Fossil #1: The Ghost Plurals (men, feet, geese)
Ask an English speaker how to make a plural, and they’ll say, “Add an -s.” Dog becomes dogs, cat becomes cats, house becomes houses. This rule is alive and well—it’s what we call productive. You can apply it to new words like smartphones or blogs.
So why do we say man/men, foot/feet, tooth/teeth, and goose/geese? Are they just random mistakes that stuck?
Not at all. These are fossils of a long-dead Germanic pluralization system called i-mutation (or umlaut). In Old English, the ancestor of our modern language, some plurals were formed by adding an -i or -j suffix. The presence of this high front vowel in the suffix caused the vowel in the root of the word to shift forward and upward in the mouth to anticipate it.
- Old English fōt (foot) became fēt (feet) from the proto-form *fōtiz.
- Old English gōs (goose) became gēs (geese) from *gōsiz.
- Old English s (man) became menn (men) from *manniz.
Over time, the forces of phonetic erosion wore away the final -i suffix. It decayed and disappeared completely. But the vowel change it caused? That remained, preserved forever in the word—a perfect linguistic fossil. The grammatical logic is gone, but its effect is set in stone.
Fossil #2: The Strong Verb Graveyard (sang, drove, broke)

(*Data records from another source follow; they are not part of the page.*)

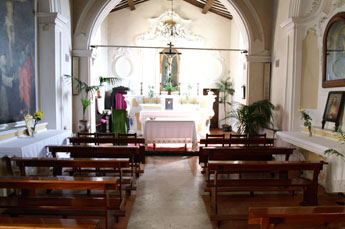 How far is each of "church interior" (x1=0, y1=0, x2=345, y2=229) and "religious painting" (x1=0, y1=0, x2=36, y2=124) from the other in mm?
20

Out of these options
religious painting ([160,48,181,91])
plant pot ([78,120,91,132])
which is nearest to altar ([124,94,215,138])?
plant pot ([78,120,91,132])

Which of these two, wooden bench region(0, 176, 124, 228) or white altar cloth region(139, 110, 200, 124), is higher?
white altar cloth region(139, 110, 200, 124)

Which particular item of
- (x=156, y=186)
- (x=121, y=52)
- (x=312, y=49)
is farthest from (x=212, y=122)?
(x=156, y=186)

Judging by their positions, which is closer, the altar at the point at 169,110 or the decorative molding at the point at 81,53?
the decorative molding at the point at 81,53

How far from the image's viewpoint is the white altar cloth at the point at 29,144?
3947mm

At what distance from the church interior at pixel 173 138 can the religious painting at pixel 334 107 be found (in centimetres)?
3

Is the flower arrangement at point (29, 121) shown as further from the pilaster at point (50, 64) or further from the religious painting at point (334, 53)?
the religious painting at point (334, 53)

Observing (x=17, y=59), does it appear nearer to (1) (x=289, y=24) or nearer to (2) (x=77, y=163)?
(2) (x=77, y=163)

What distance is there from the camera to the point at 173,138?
7742 millimetres

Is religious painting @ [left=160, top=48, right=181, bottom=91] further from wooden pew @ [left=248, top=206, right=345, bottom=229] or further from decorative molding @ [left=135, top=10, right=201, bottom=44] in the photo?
wooden pew @ [left=248, top=206, right=345, bottom=229]

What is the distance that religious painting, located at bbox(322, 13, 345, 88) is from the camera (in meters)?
4.96

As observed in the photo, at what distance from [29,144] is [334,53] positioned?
17.9 ft

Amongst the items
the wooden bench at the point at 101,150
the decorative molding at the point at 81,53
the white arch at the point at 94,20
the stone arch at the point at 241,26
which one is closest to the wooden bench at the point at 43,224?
the wooden bench at the point at 101,150

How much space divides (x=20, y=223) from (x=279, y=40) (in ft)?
23.6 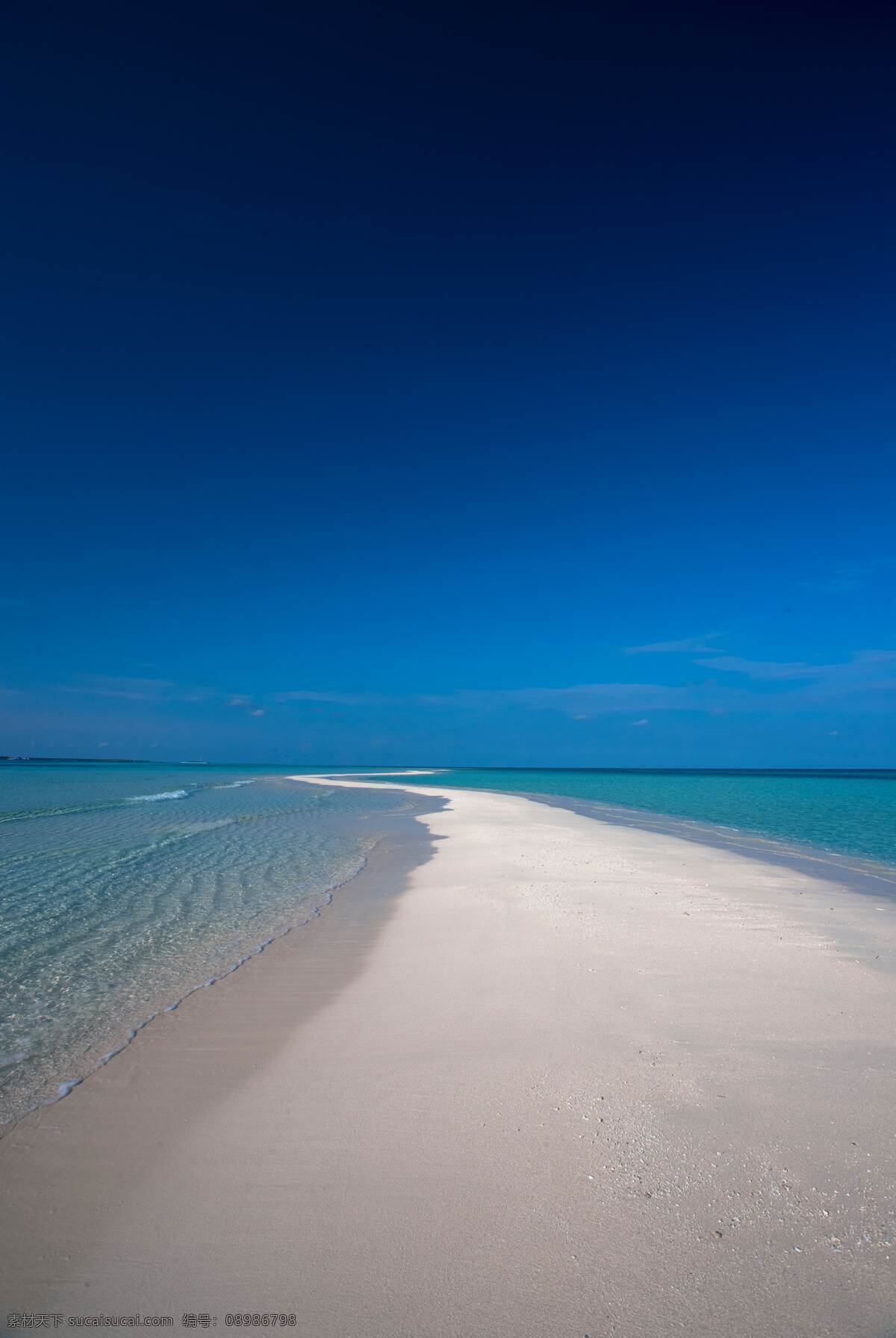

Similar to plurals, our standard past tense rule is to add “-ed.” Walk/walked, talk/talked, type/typed. Yet we’re surrounded by a legion of “irregular” verbs: sing/sang/sung, drive/drove/driven, break/broke/broken.
These aren’t irregular; they’re just old. They are the last surviving members of a system called ablaut, which dates all the way back to Proto-Indo-European, the great-ancestor of English, Latin, Sanskrit, and Russian. In this ancient system, tenses were not marked with endings but with a change in the root vowel itself.
The “-ed” ending is a newer, simpler, and more efficient Germanic innovation. For the last 1,500 years, this new system has been slowly conquering the old one. Verbs that were once “strong” (using ablaut) have become “weak” (using “-ed”). For instance, people once said help/holp and climb/clomb. Today, analogy has pushed them into the regular camp: help/helped and climb/climbed.
The verbs like sing, drive, and break are the dinosaur bones of this ancient system—the ones too common and too well-entrenched to be eroded away by analogy.
Fossil #3: The Grammatical Ghost (Woe is me)
Sometimes it’s not a word, but a whole grammatical structure that fossilizes. Old English had a robust case system, much like modern German or Latin. Nouns and pronouns changed their endings depending on their role in a sentence (subject, direct object, indirect object, etc.).
Today, that system is almost entirely gone. We use word order and prepositions like to, for, and with to show a word’s function. But look closely at our pronouns: I/me, he/him, she/her, we/us, they/them.
That distinction is a fossil. He is a remnant of the old nominative case (for subjects), while him is a conflation of the old accusative (direct object) and dative (indirect object) cases. We don’t think in terms of “dative case” anymore, but we are using its fossilized form every time we say, “Give the book to him.”
You can see an even clearer fossil in the archaic phrase, “Woe is me.” In modern syntax, this feels wrong. We’d say, “Woe is to me.” But “Woe is me” preserves a perfect, fossilized dative construction: “Woe is [to] me.” The grammar is a ghost, haunting a modern sentence.
Language Is a City Built on Ruins
Why does any of this matter? Because linguistic taphonomy reveals that language is not a pristine, logical invention. It’s a messy, chaotic, beautiful ruin. It’s a modern city built directly on top of the foundations of older, forgotten cities.
The “exceptions” and “irregularities” that frustrate language learners are not mistakes. They are stories. They are echoes of our linguistic ancestors, whispers of grammatical rules that governed the tongues of people a thousand years ago. By studying these fossilized forms, we can reconstruct how our predecessors spoke and thought.